3 ways to rethink financial product design without leaving users out
New products should no longer be detours that lead to the same pothole-filled road, says Commonwealth webinar panelist.
Here’s a statement no benefits professional wants to hear: ”Our employees aren’t using our financial wellness program.”
Next step? The employer tries other ways of ”getting” employees to use the program — better messaging! Cool incentives! Consultants! But there’s no “if you build it, they will come” happy ending and the company stops offering the benefit, assuming employees don’t want it.
But is that the right assumption? “If users aren’t using something, you don’t fix or blame the users — you try to better understand why they aren’t using it,” said Haydee Moreno, COO of JUST, in a panel discussion on inclusive design of financial products.
Maybe that job is for employers – but maybe it’s even more imperative for the people who designed the product in the first place.
With insights from fellow panelists Rendel Solomon, founder of Solomon Financial Institute, and Pam Mayer, SVP at PNC, Moreno summed up what might be Best Practice #1 in financial product design: “Think beyond the product and consider the human experience.”
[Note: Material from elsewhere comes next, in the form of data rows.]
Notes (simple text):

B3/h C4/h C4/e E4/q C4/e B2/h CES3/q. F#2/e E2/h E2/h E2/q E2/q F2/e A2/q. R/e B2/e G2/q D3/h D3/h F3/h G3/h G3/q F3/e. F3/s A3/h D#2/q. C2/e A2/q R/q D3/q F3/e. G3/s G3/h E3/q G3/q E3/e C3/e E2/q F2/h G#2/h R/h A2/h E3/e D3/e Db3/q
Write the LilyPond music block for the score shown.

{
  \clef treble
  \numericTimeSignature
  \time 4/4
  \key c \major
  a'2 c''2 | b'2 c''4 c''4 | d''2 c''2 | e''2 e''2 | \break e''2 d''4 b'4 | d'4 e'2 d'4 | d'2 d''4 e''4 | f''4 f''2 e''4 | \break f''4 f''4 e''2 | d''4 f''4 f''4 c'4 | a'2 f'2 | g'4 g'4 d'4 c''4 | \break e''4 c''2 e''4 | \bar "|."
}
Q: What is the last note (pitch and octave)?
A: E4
The panelists’ discussion with Commonwealth moderator Melissa Gopnik at times unwittingly served to illustrate Commonwealth’s own principles for inclusive design:
1. Design for systemic change. People need financial services that meet their needs and aspirations, providing actionable knowledge at the right time.
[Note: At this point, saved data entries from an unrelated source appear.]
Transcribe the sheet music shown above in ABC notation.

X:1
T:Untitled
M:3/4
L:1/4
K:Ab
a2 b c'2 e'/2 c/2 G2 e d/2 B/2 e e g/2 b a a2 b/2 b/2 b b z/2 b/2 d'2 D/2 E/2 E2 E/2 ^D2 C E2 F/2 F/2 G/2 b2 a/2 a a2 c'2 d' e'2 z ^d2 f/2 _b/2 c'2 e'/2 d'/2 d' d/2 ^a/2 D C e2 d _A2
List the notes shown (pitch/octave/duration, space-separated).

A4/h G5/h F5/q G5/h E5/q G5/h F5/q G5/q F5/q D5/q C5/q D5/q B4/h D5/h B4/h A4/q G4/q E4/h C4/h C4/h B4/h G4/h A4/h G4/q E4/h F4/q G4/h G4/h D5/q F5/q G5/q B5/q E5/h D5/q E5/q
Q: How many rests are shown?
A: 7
Rendel Solomon of Solomon Financial told about being asked to speak at an event where children would learn about money and investments and actually be given a sum of money to use. Three children showed up for the talk and the free money. Why? Possibly because the event was scheduled on a Saturday. Some of the adults might be working second jobs, or had no one to watch their other children, or didn’t have easy access to transportation, especially public transportation, on a Saturday.
“I tell this story,” Solomon said, “because I had to think about systemic design vs. individual behavior, and I had to think more deeply about how to help kids access this world.” A simple yet effective change he suggested was to offer the program at a place where kids were already gathered, to avoid the additional barriers of parents having to take off work, find babysitters and deal with transportation issues.
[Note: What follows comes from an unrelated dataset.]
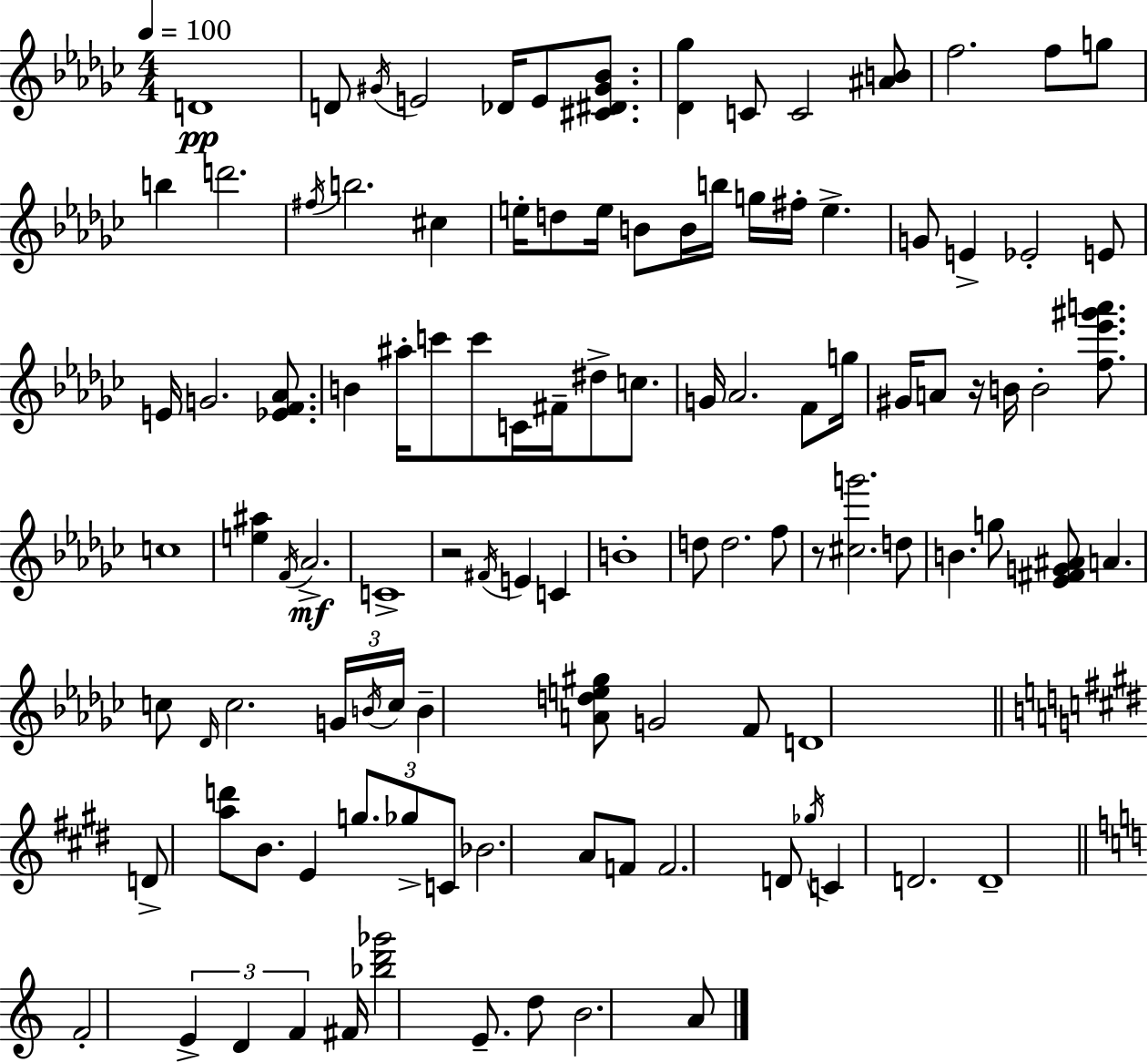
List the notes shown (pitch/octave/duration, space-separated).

D4/w D4/e G#4/s E4/h Db4/s E4/e [C#4,D#4,G#4,Bb4]/e. [Db4,Gb5]/q C4/e C4/h [A#4,B4]/e F5/h. F5/e G5/e B5/q D6/h. F#5/s B5/h. C#5/q E5/s D5/e E5/s B4/e B4/s B5/s G5/s F#5/s E5/q. G4/e E4/q Eb4/h E4/e E4/s G4/h. [Eb4,F4,Ab4]/e. B4/q A#5/s C6/e C6/e C4/s F#4/s D#5/e C5/e. G4/s Ab4/h. F4/e G5/s G#4/s A4/e R/s B4/s B4/h [F5,Eb6,G#6,A6]/e. C5/w [E5,A#5]/q F4/s Ab4/h. C4/w R/h F#4/s E4/q C4/q B4/w D5/e D5/h. F5/e R/e [C#5,G6]/h. D5/e B4/q. G5/e [Eb4,F#4,G4,A#4]/e A4/q. C5/e Db4/s C5/h. G4/s B4/s C5/s B4/q [A4,D5,E5,G#5]/e G4/h F4/e D4/w D4/e [A5,D6]/e B4/e. E4/q G5/e. Gb5/e C4/e Bb4/h. A4/e F4/e F4/h. D4/e Gb5/s C4/q D4/h. D4/w F4/h E4/q D4/q F4/q F#4/s [Bb5,D6,Gb6]/h E4/e. D5/e B4/h. A4/e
“In the financial services industry, it feels like we keep creating detours that say look at this wonderful product, you have access,” he said, but the system issues aren’t addressed, “and the detours still lead to the same pothole-filled road.”
2. Foster agency. People who previously have not had control over their financial options need to feel in control.
Show people actions they can take, offer them specific, jargon-less information about how to reach an aspiration, including step-by-step guidance, said Pam Mayer with PNC. Be wary of telling people what to do without fully knowing their situation, she said.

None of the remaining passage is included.